(Records from a data collection)
- - - -
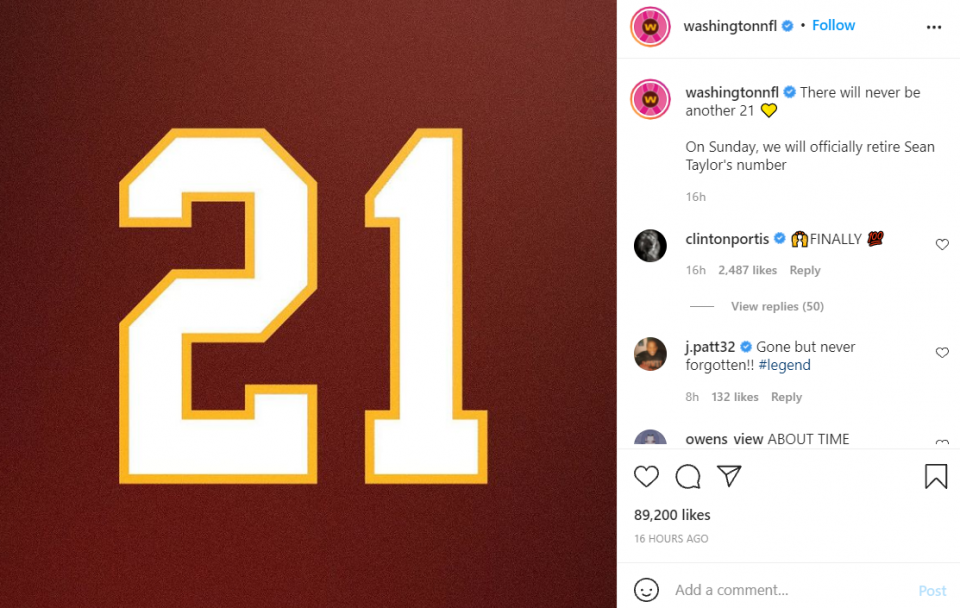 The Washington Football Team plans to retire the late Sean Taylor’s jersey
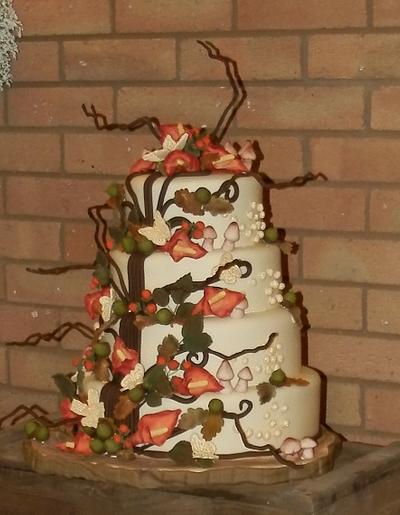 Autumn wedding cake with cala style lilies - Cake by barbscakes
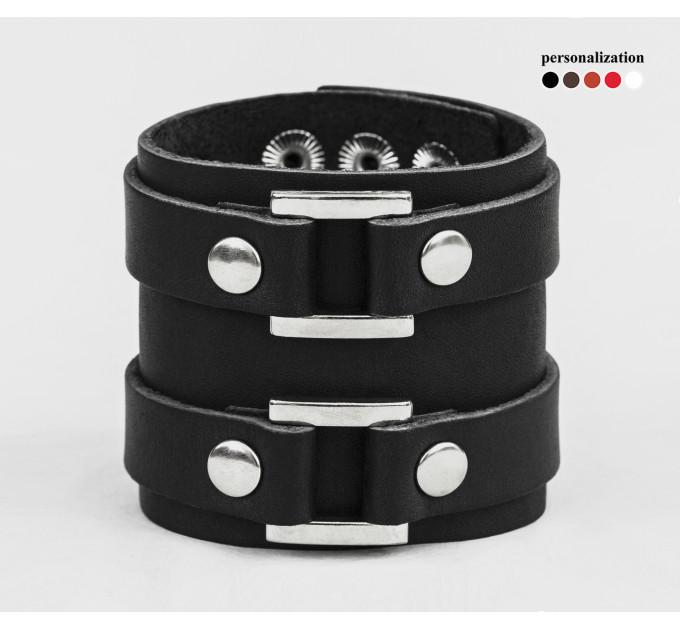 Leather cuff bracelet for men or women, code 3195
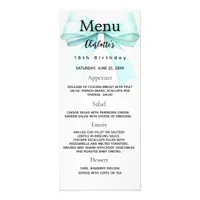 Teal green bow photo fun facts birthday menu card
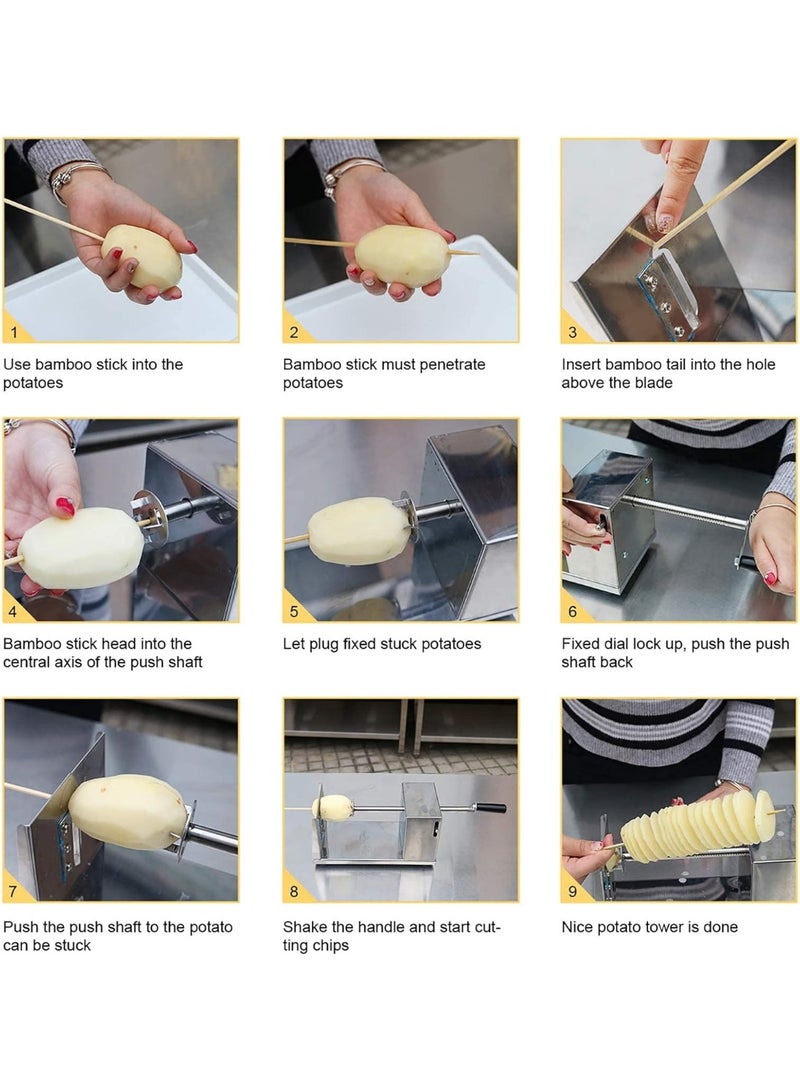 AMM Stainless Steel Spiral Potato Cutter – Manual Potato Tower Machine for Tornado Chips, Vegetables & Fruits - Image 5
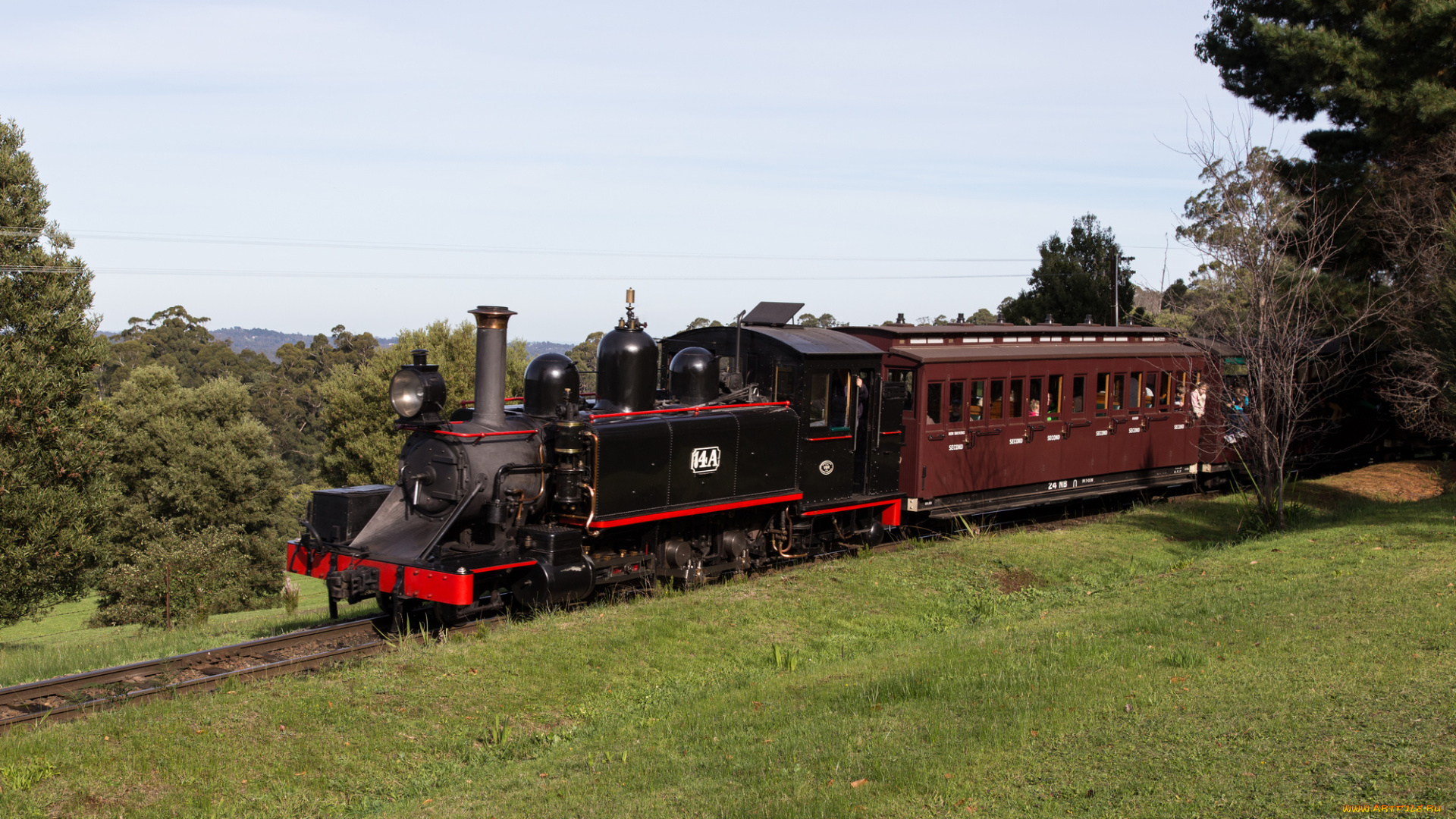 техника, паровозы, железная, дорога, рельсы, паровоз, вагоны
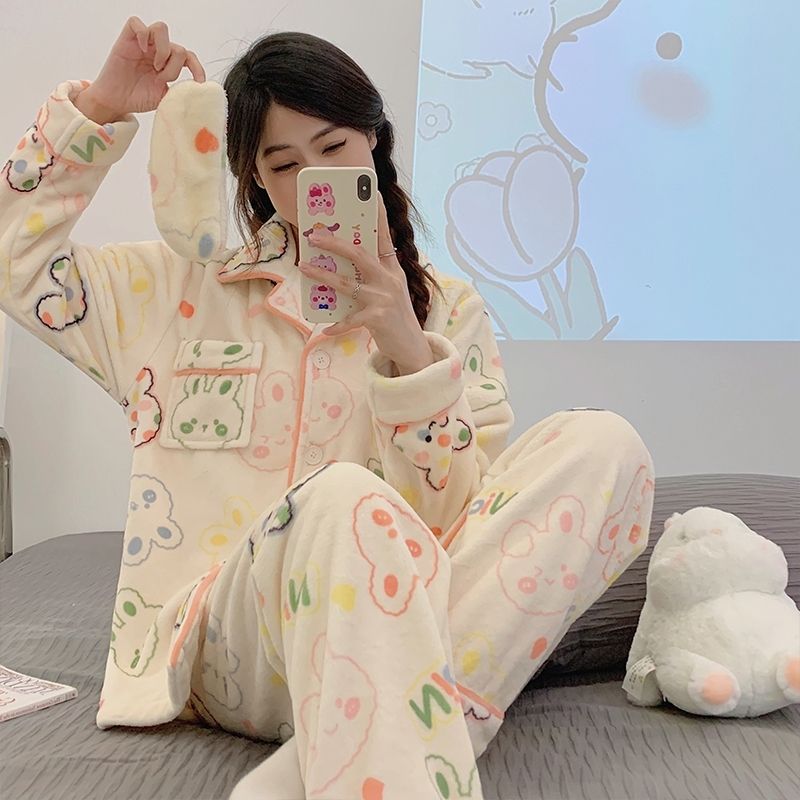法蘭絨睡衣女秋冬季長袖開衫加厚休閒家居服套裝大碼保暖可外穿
- - - -
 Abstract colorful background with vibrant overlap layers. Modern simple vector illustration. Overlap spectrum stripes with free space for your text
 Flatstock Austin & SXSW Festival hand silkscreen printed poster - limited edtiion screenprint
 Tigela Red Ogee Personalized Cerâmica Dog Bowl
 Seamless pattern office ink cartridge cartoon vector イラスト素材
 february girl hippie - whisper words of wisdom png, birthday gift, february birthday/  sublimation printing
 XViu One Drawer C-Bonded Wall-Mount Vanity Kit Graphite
- - - -
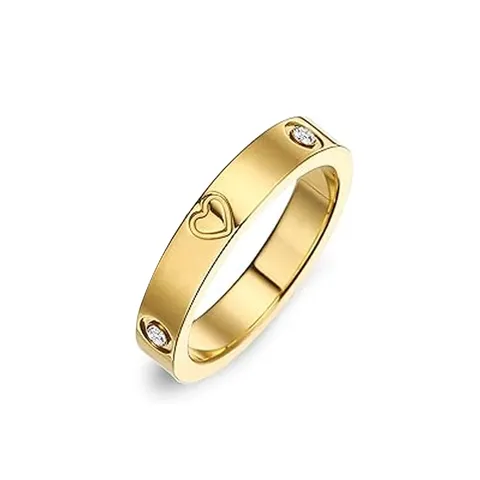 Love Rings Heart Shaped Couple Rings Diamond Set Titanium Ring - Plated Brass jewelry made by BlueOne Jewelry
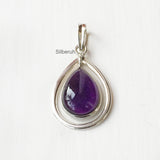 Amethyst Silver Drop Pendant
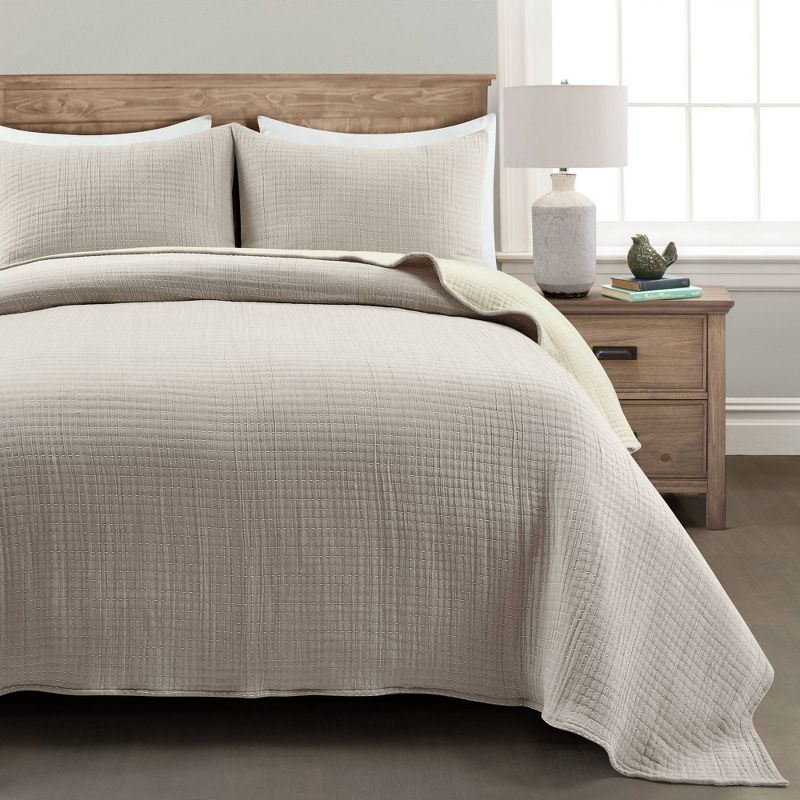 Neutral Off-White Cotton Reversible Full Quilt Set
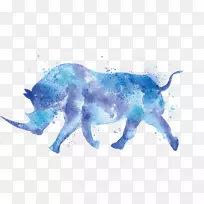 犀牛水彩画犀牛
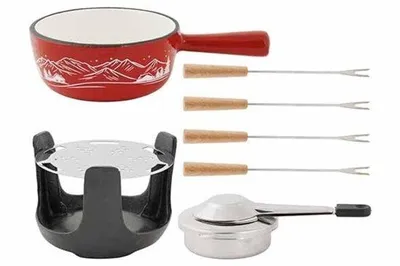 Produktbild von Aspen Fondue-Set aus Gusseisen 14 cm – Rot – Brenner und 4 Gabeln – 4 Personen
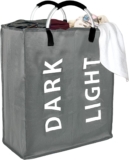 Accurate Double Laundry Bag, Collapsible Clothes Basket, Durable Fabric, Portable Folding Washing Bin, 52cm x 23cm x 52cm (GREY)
- - - -
REQUIRED WORK:
Would you transcribe the lines above exactly, going from the line bearing "AMM Stainless Steel" through the line bearing "法蘭絨睡衣女秋冬季長袖開衫加厚休閒家居服套裝大碼保暖可外穿", and drop the pictures from the copy?

WRITTEN REPLY:
 AMM Stainless Steel Spiral Potato Cutter – Manual Potato Tower Machine for Tornado Chips, Vegetables & Fruits - Image 5
 техника, паровозы, железная, дорога, рельсы, паровоз, вагоны
法蘭絨睡衣女秋冬季長袖開衫加厚休閒家居服套裝大碼保暖可外穿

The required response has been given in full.